Le sens des mots

Par Catherine Mengelle

L’autre jour, j’animais avec Fabrice une journée découverte des Pratiques Narratives.Quand nous présentons les idées narratives, les personnes se raccrochent à ce qu’elles connaissent et font des liens avec d’autres approches. Parfois, ces liens me paraissent réels, d’autres fois beaucoup moins. Or si elles dépensent des sous pour s’informer ou se former à des idées nouvelles, ce n’est pas pour que nous les brossions dans le sens du poil. Je suis donc attentive à ces liens et cherche toujours à en vérifier le bien fondé. C’est ainsi qu’une participante a pensé « recadrage » lorsque nous parlions de l’histoire alternative, faisant référence à des choses déjà connues d’elle. Ce mot m’a heurté, je ne le trouvais pas juste. Je me suis retrouvée à recadrer (pour le coup) une collègue et je n’ai pas aimé le faire. Depuis, j’ai réfléchi à ma réaction, je me suis demandée pourquoi ce terme « recadrage » ne me convenait pas. Bien entendu, cela va bien au-delà de la seule posture narrative.
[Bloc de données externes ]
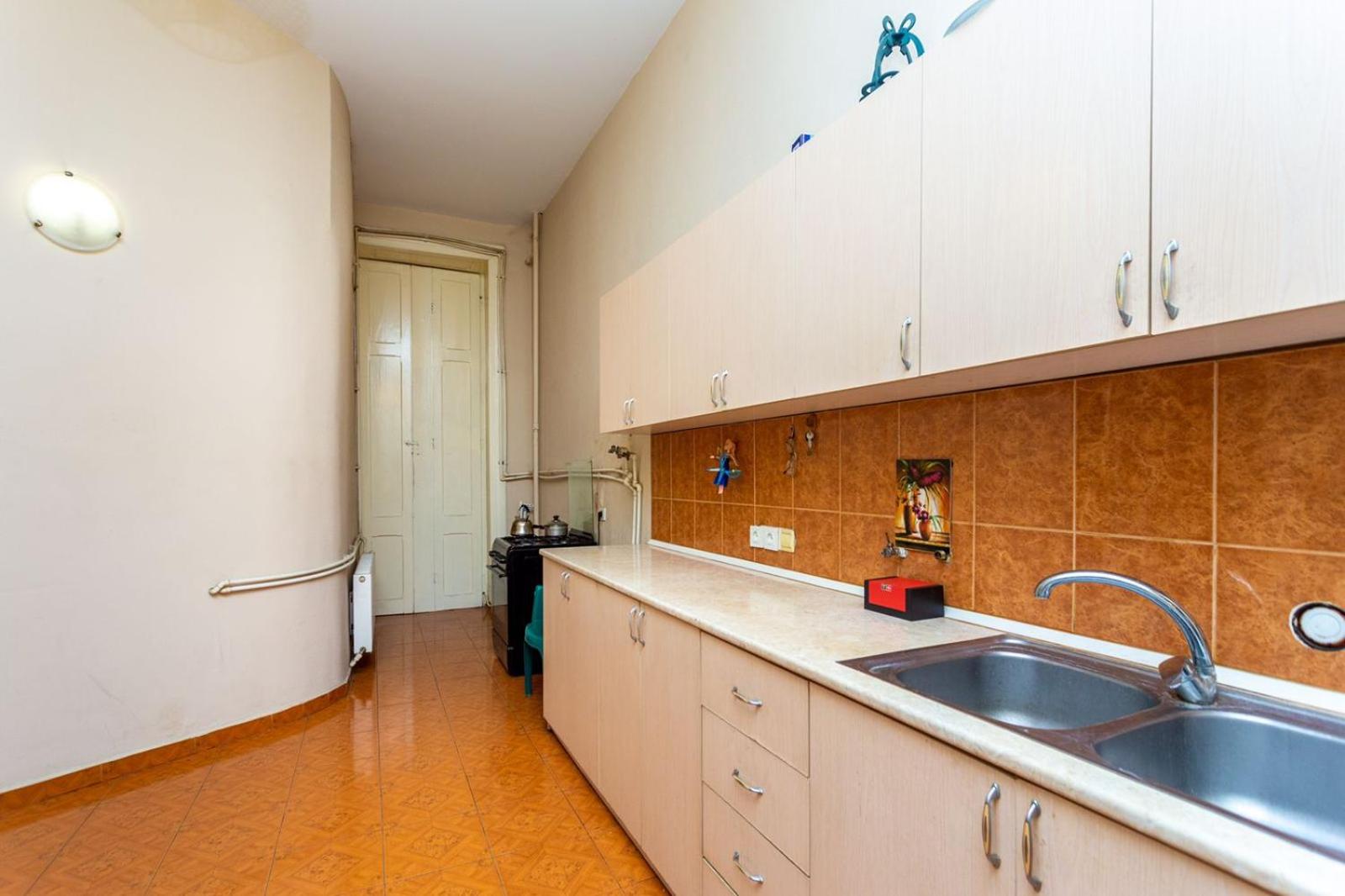 Family Apartment In 1 Century Building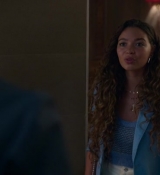 Emily_in_Paris_S02E05_WEBRip_x264-ION10_1756.jpg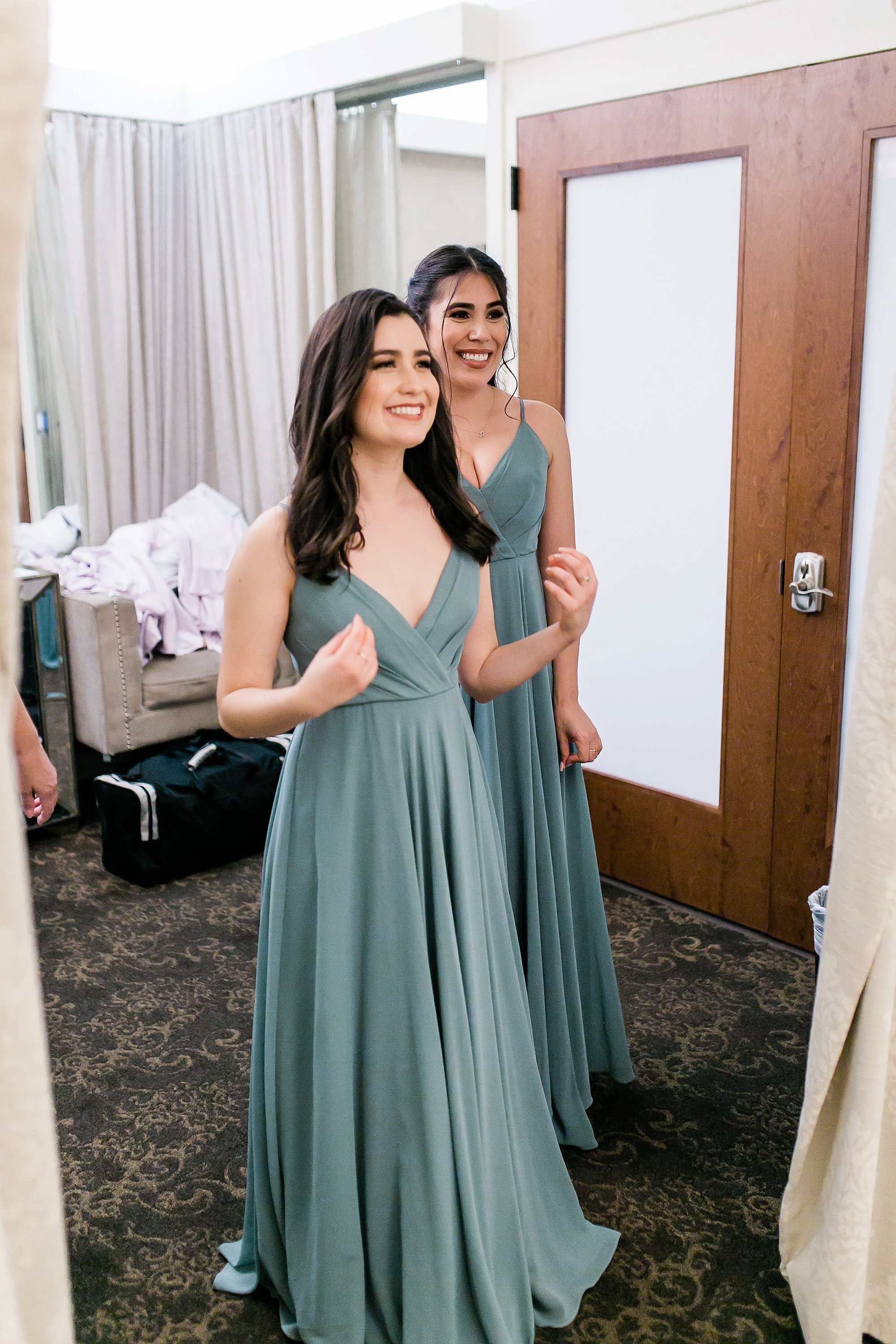  bridesmaids getting ready 
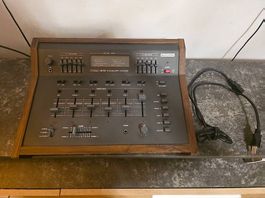 Soundstar MQ-3200 Mixer Equalizer mit Holzseiten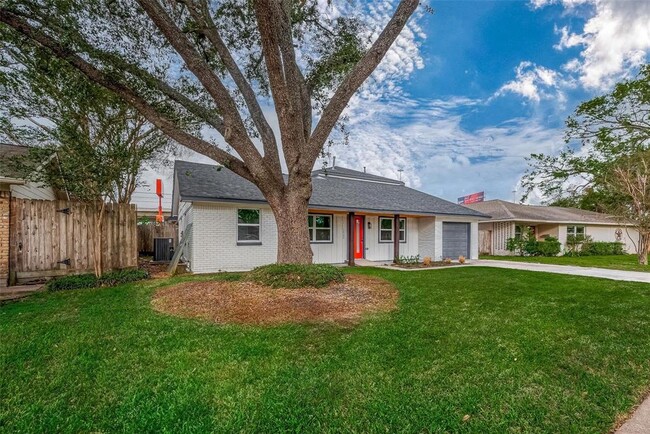 Building Photo - 1623 Fawnhope Dr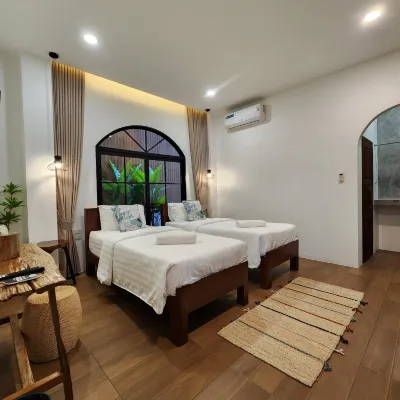 Baan Kor Ra Kang Hotels in der Nähe von Seebrücke Wang Lang Pier in Siriraj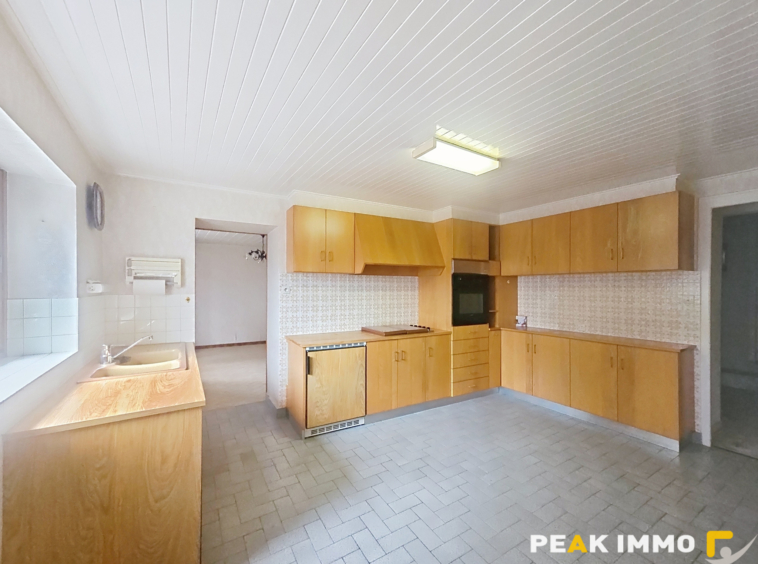 FILLINGES - Maison avec dépendances sur 590 m2 de terrain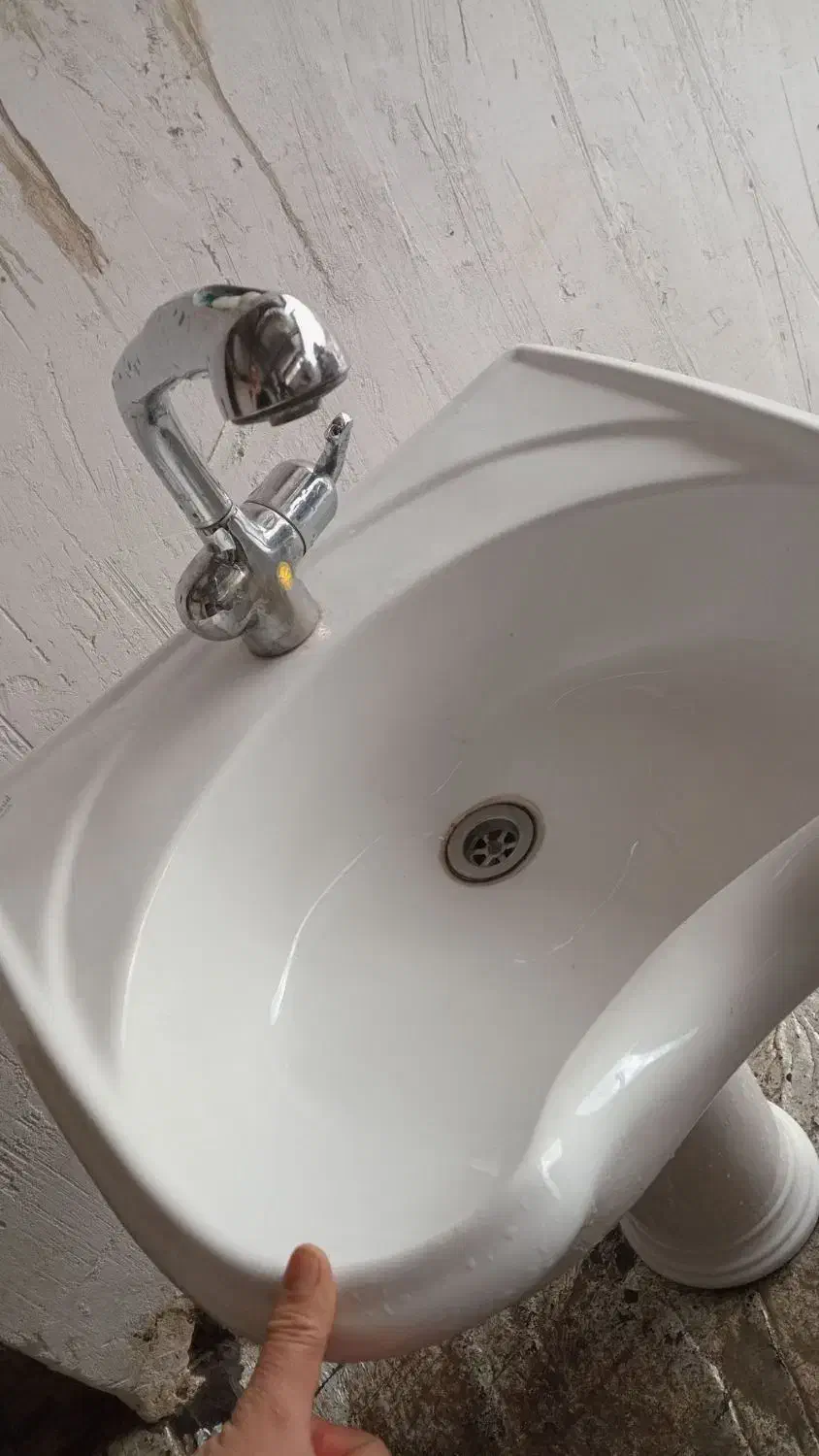 سرشور|لوازم سرویس بهداشتی|ساوه, |دیوار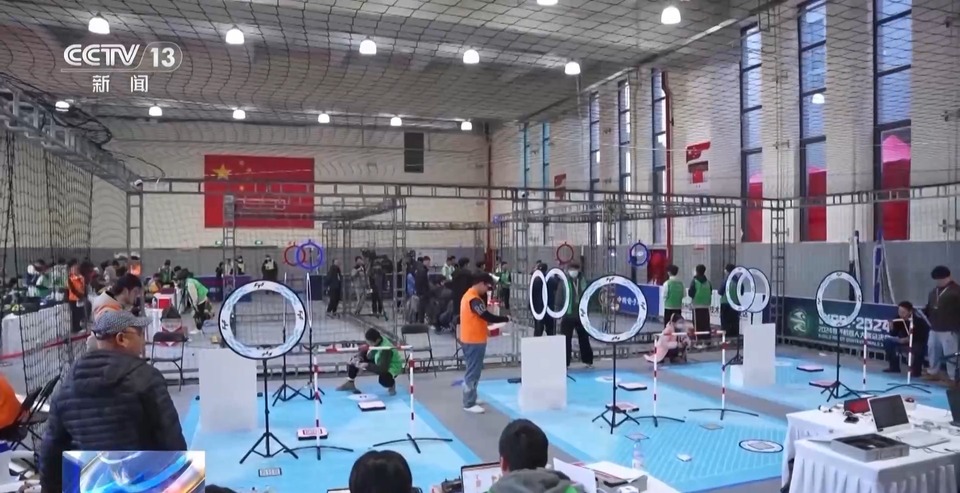 用意念操控机器人是什么感觉？ 去机器人大赛总决赛上一探究竟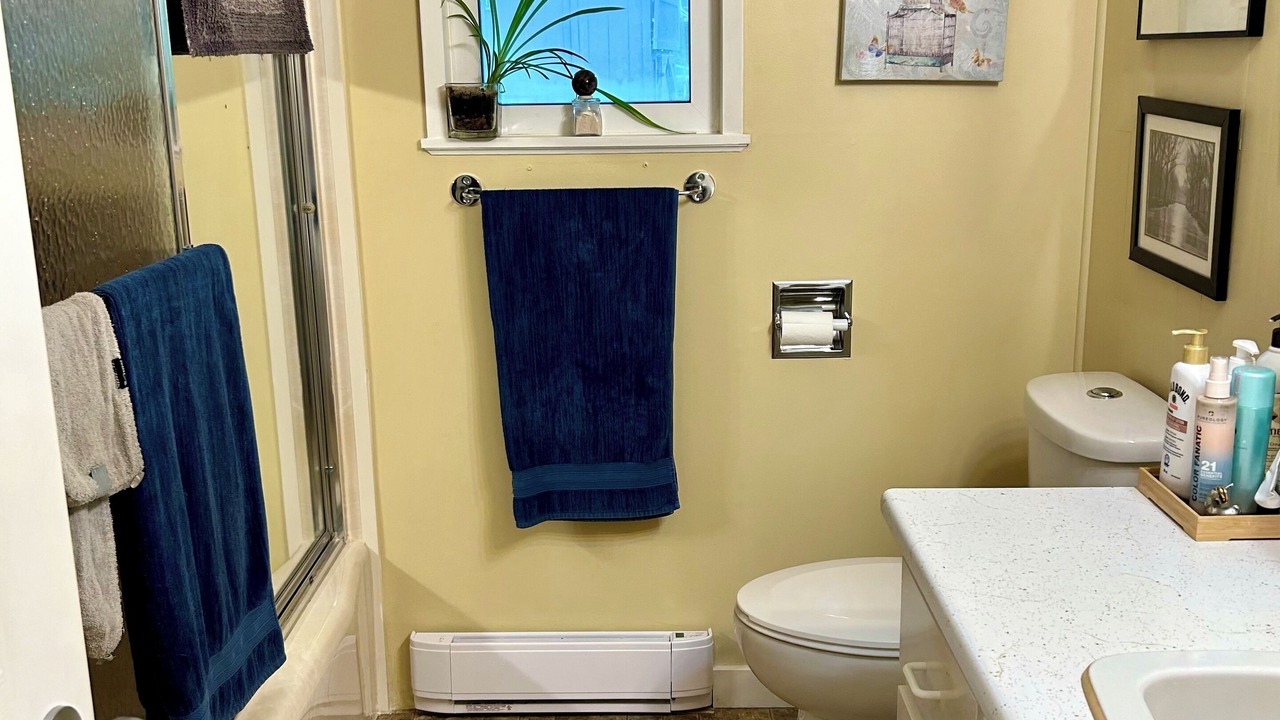 Photo of Bathroom in Regional District of Nanaimo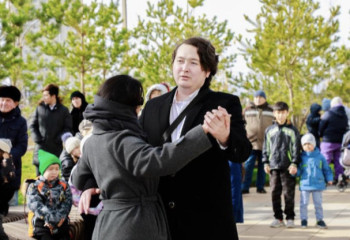 Республика күні: елорданың тұрғын алаптарында концерттік бағдарламалар өтті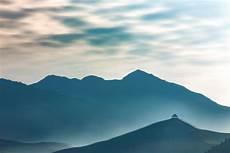 山川风景怎么画
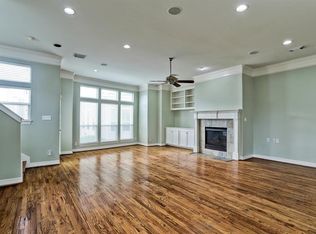 4242 Feagan St, Houston, TX 77007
J’imagine que le terme provient du métier de cadreur en cinéma, soit celui qui est responsable du cadre que sa caméra choisit de filmer. Peut-être alors que « recadrer » pourrait signifier placer la caméra autrement, l’approcher, l’éloigner, changer l’angle de vue. Mais dans ce cas, je ne suis pas sûre que ce soit le bon terme. Il s’agit de « déplacer » la caméra, donc de « décadrer », pas de « recadrer ». « Recadrer » me parait signifier qu’il y a un cadre, qui a été perdu ou jamais atteint. Il faudrait donc « recadrer ». J’ai l’impression que toute notre vie est réglée par les cadres et les recadrages, les dressages et les redressages, en fonction de modèles normatifs de ce que nous devrions être, comme lorsque les gauchers étaient contraints à utiliser leur main droite. Cet usage n’a plus cours aujourd’hui mais ce genre de contrainte normative est toutefois omniprésente dans toutes les sociétés humaines.

Or les normes ne conviennent à tous, notamment à la majorité des personnes qui me consultent. Il y a dans « recadrer » quelque chose qui me fait penser aux pénitenciers, aux orphelinats, aux hôpitaux psychiatriques, aux maisons de la charité, bref à tous les lieux d’enfermement et de morale contrainte, alors que nous parlons au contraire d’ouverture et de liberté, du droit à sortir du cadre et à ne pas y être ramené par la force ou par la douceur.

Mon analyse n’est surtout pas une critique du sens donné à ce mot dans d’autres pratiques, que je ne connais pas suffisamment et sans doute parfois proches de notre travail narratif, c’est seulement une tentative de mieux comprendre pourquoi ce mot a soulevé chez moi un tel élan de résistance. La question est comme toujours de s’accorder sur le sens, et dans le domaine de la psychologie contemporaine, riche d’un jargon plus ou moins bien traduit de l’anglais, je trouve que les mots français perdent leur sens commun.

Pour finir, le mot que je trouverais juste pour évoquer l’histoire alternative des Pratiques Narratives serait donc plutôt « décadrage ». Le Wiktionnaire propose trois significations pour décadrer : désencadrer une œuvre, arrêter de cadrer normalement son sujet (en photographie), et enfin faire sortir du cadre, décaler. Cela convient bien à l’idée de sortir du cadre contraint, de regarder les choses autrement, de trouver sa propre façon de poser la caméra sur le monde, en fonction de sa propre sensibilité, de ses propres talents, de ses propres engagements et valeurs, ses propres espoirs et intentions. Car il s’agit bien de trouver son « point de vue » et de prendre position pour soi-même.